Les trois nouvelles du court livre que voilà composent à l'origine un plus large recueil de récits fantastiques de Gogol intitulé Arabesques. Cette extraction, bien qu'un peu arbitraire, m'a permise de découvrir l'univers de ce classique russe, qui brouille avec brio les pistes du rêve (souvent angoissant) et de la réalité (qui ne l'est, du coup, pas moins).

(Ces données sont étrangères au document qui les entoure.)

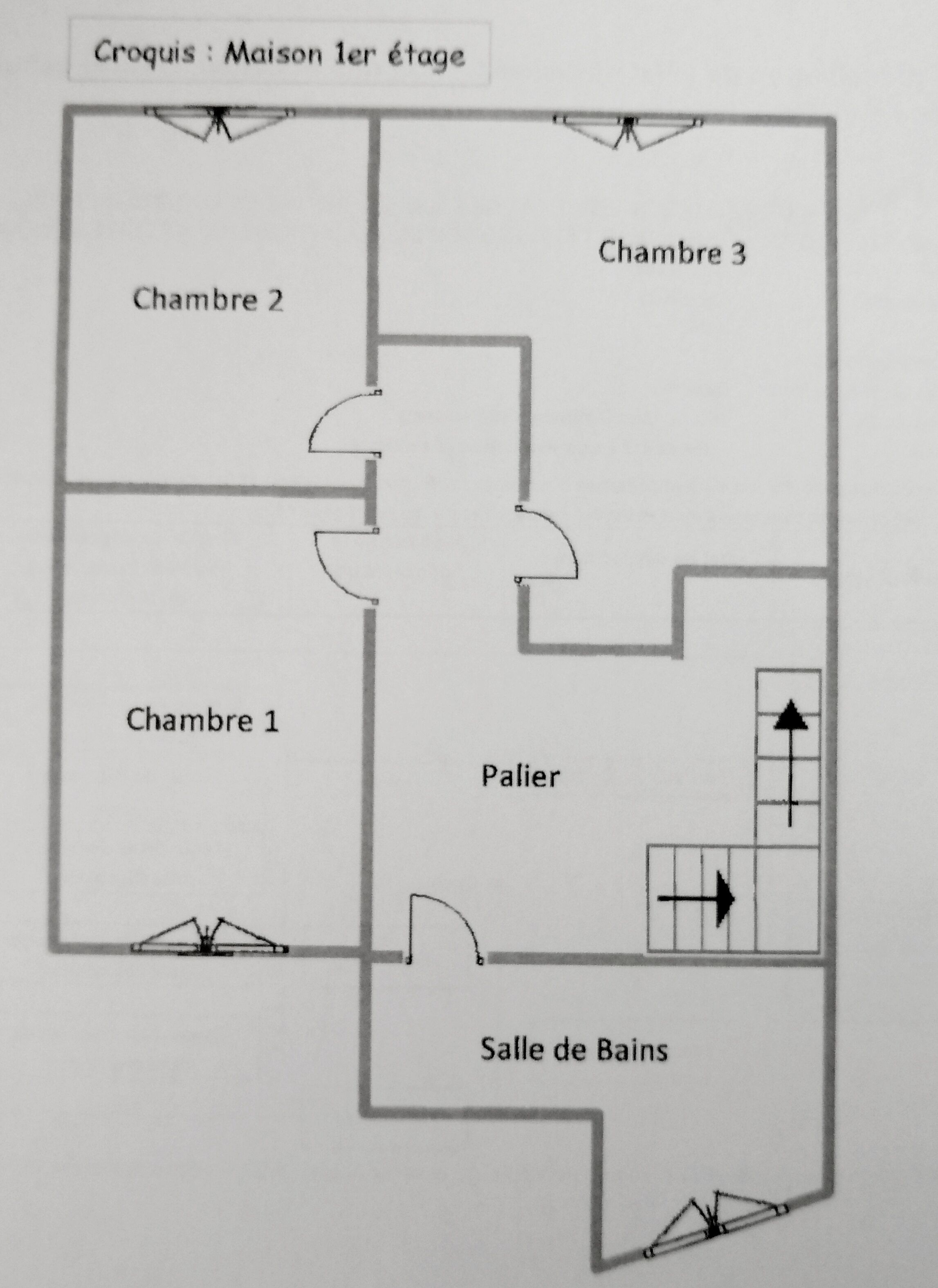 Grundriss einer Maisonette mit drei Zimmern, einem Badezimmer und einem Balkon.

Dans la première nouvelle, Le journal d'un fou, un petit fonctionnaire ministériel du nom de Propichtchine écrit son quotidien au jour le jour. Entre des considérations prosaïques sur son travail ou ses soirées solitaires, se glissent rapidement des éléments incongrus qui créent une brèche fatale dans le réel : il entend les chiens parler, il peut même lire leur correspondance... A partir du moment où il découvre que la femme aimée est sur le point de se marier, il sombre irrémédiablement dans la folie. Persuadé d'être le roi d'Espagne, il ne comprend pas pourquoi sa cour s'obstine à le malmener et lui faire subir des traitements de choc...

Dans Le portrait, Gogol nous offre une variante russe de ce thème fantastique si cher aux écrivains du XIXeme : Le tableau aux multiples pouvoirs - le visage si réel qu'il en est terrifiant, guidant son possesseur (ou bien est-ce son possédé) vers la fortune, mais à quel prix ?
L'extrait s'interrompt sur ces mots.